DATA TO PROCESS Start Marker
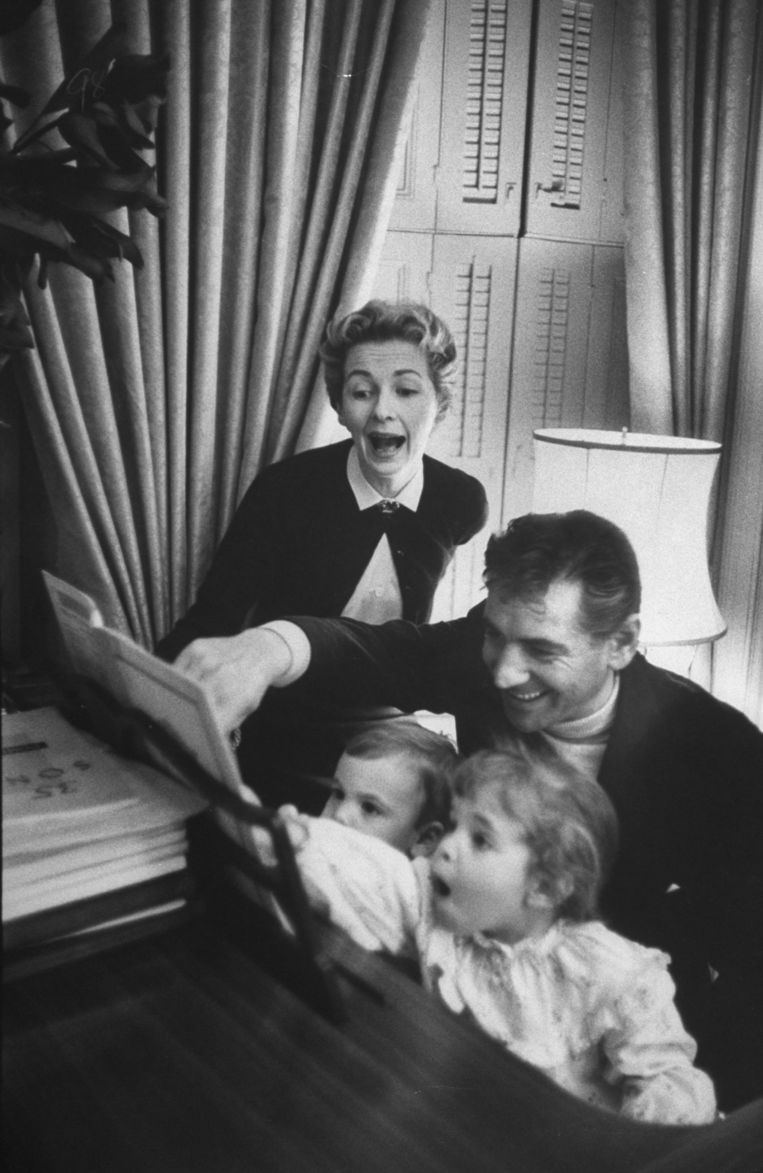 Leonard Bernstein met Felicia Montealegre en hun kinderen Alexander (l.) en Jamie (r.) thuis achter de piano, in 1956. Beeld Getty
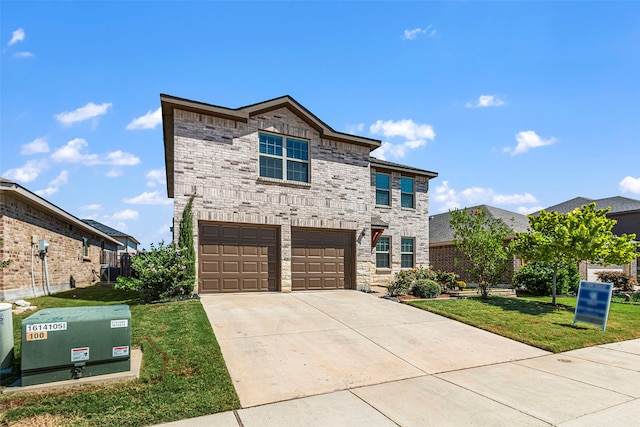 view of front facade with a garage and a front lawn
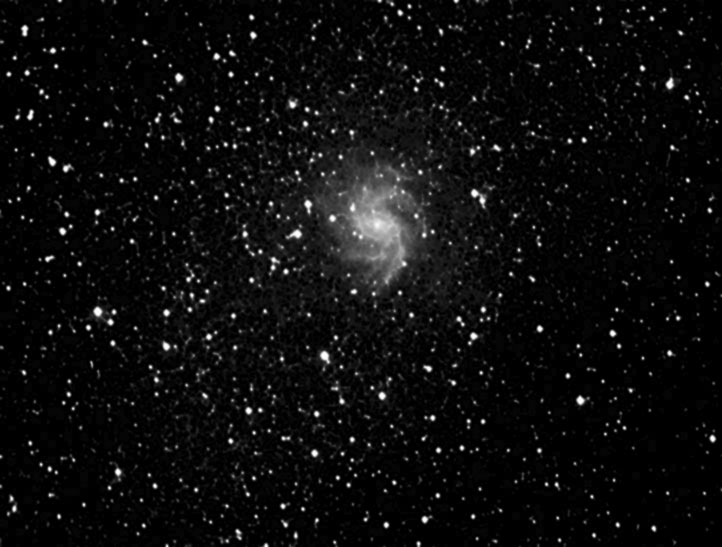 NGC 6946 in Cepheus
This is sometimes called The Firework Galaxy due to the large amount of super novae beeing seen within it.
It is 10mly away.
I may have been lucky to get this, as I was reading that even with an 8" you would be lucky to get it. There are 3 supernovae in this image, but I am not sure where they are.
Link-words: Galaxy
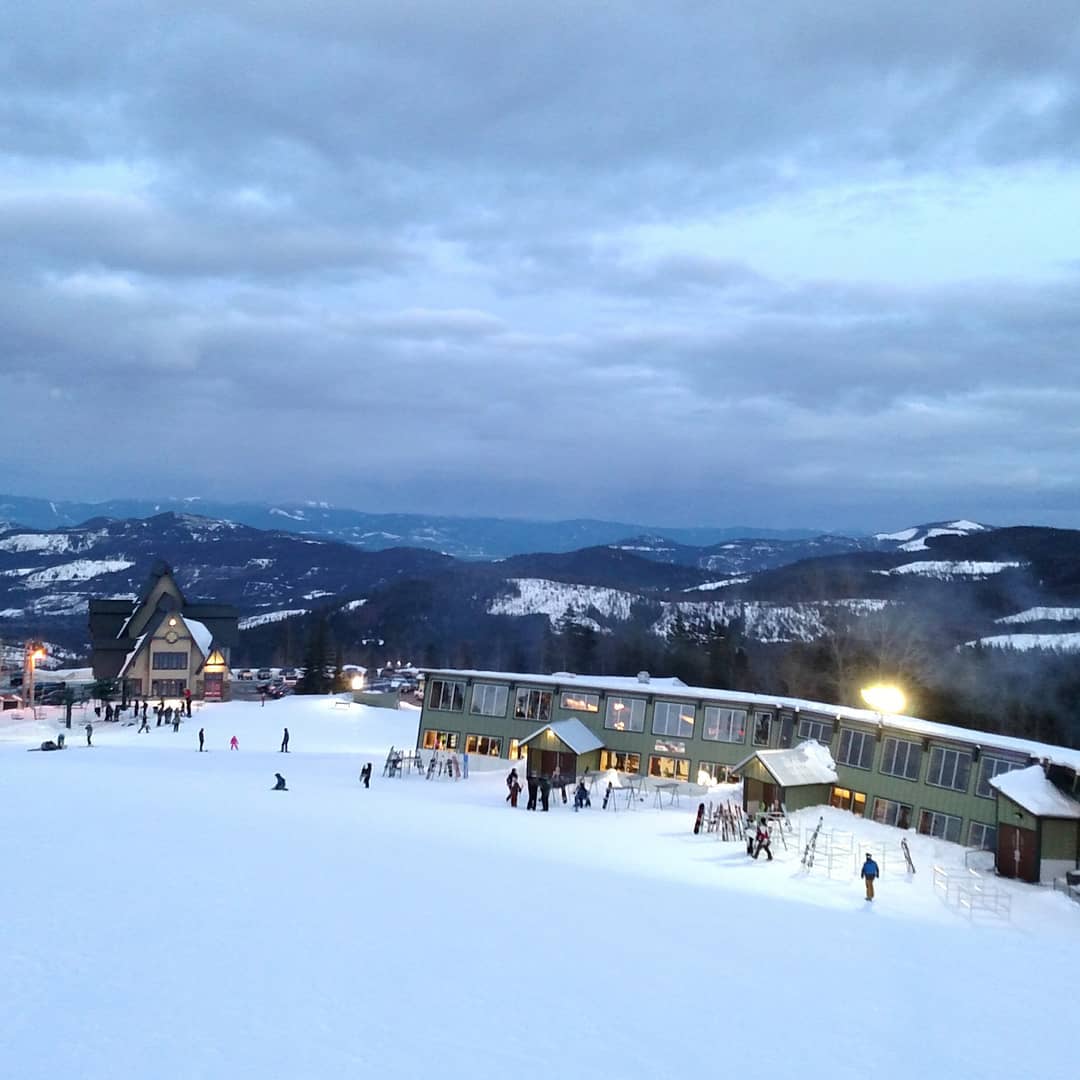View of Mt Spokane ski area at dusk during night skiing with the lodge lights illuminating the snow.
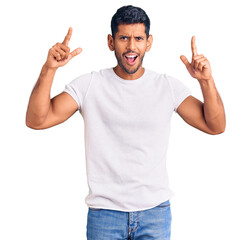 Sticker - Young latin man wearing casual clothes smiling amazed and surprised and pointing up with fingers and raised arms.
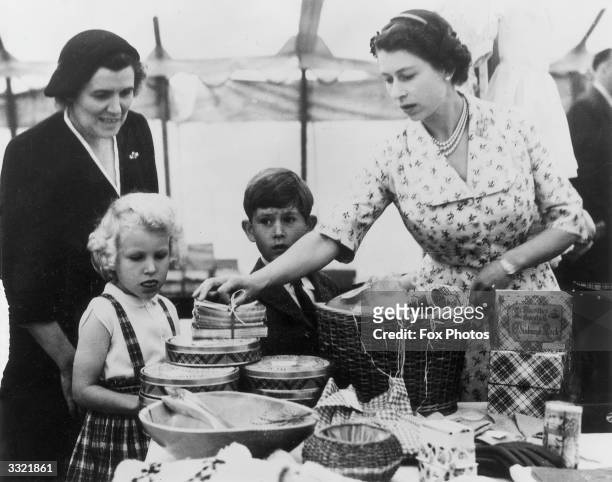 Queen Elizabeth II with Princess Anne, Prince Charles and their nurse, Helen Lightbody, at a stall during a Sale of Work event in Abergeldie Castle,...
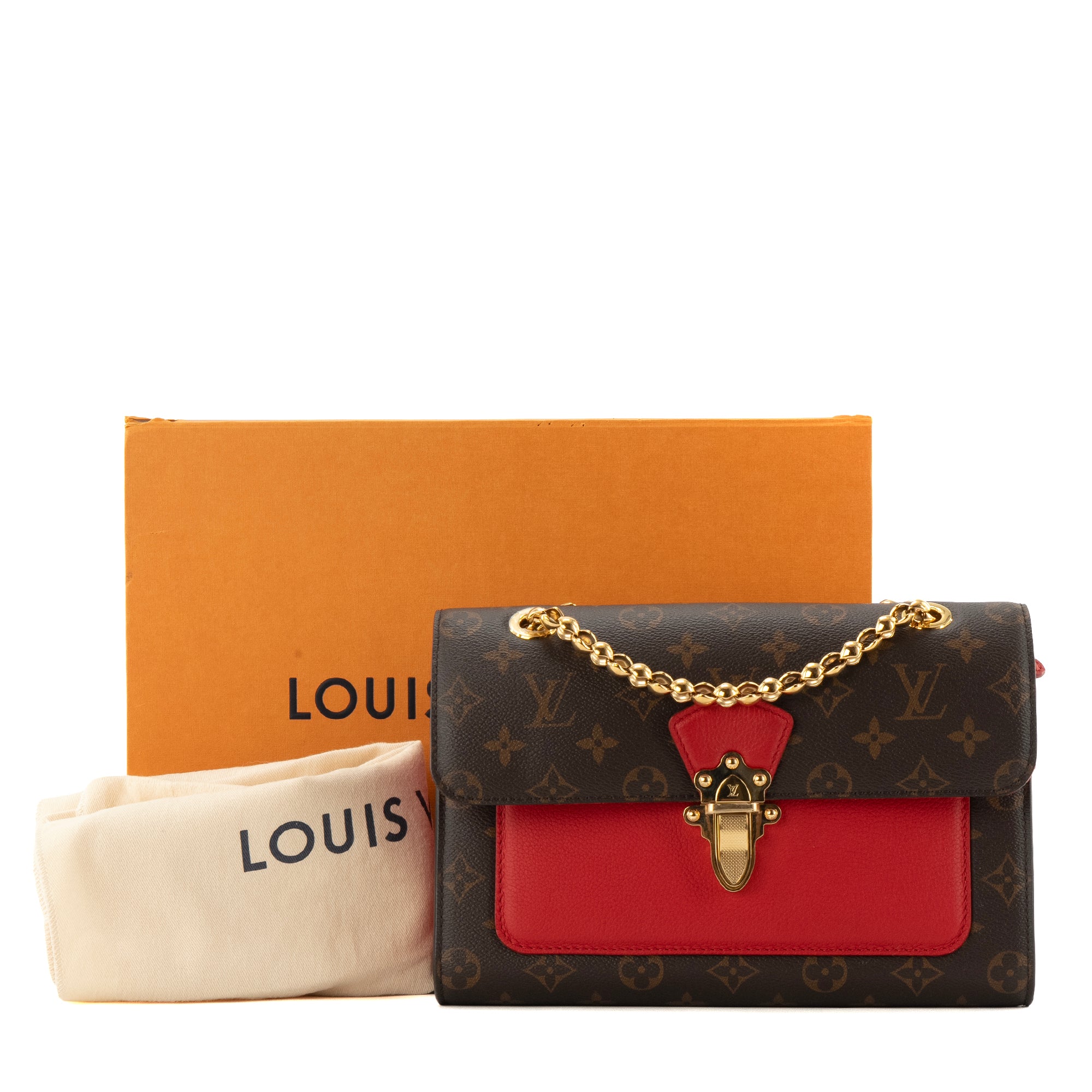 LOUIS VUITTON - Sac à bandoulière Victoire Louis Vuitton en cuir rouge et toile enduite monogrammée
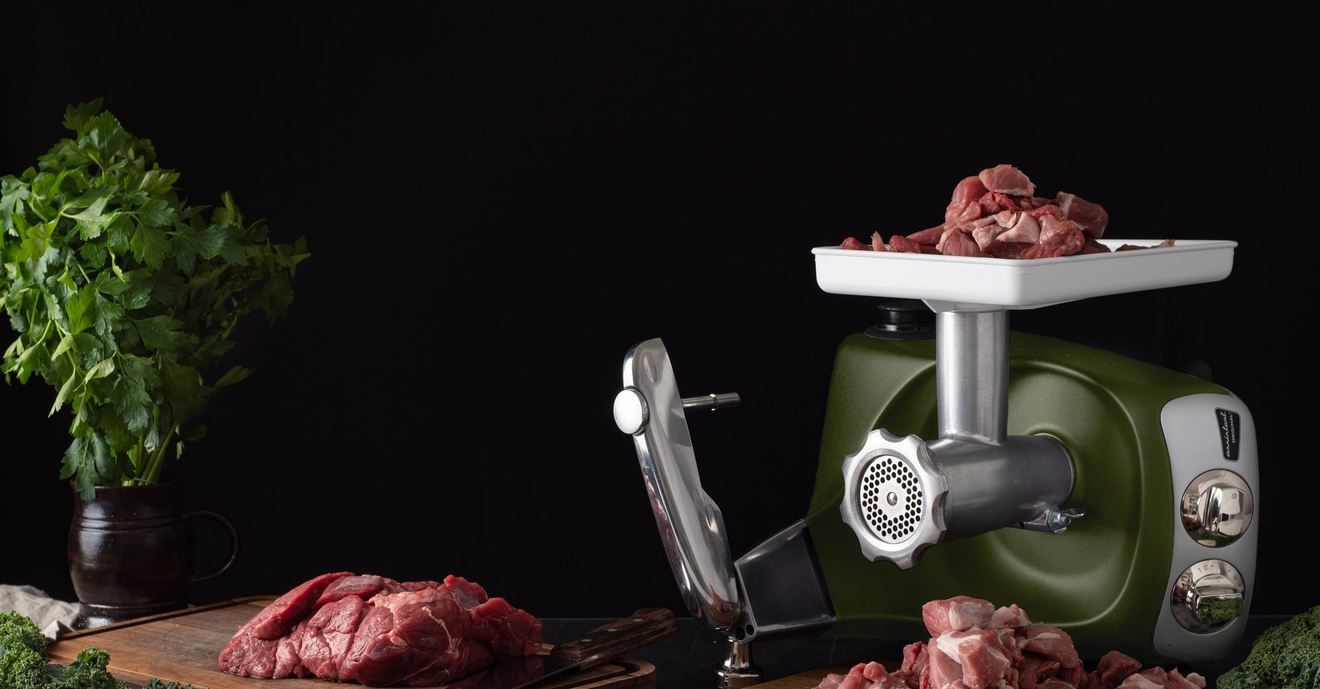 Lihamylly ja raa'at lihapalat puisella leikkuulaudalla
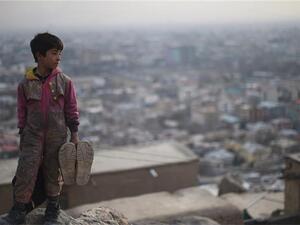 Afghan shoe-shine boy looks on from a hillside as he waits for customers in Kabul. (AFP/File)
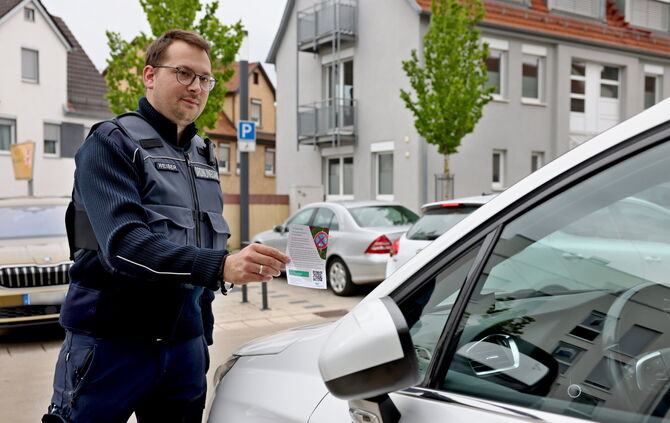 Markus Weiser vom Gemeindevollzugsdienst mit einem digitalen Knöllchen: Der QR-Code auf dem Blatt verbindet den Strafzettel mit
DATA TO PROCESS End Marker
Determine the number of lines in the listing that contain the word "Galaxy", and respond with nothing but that number.

2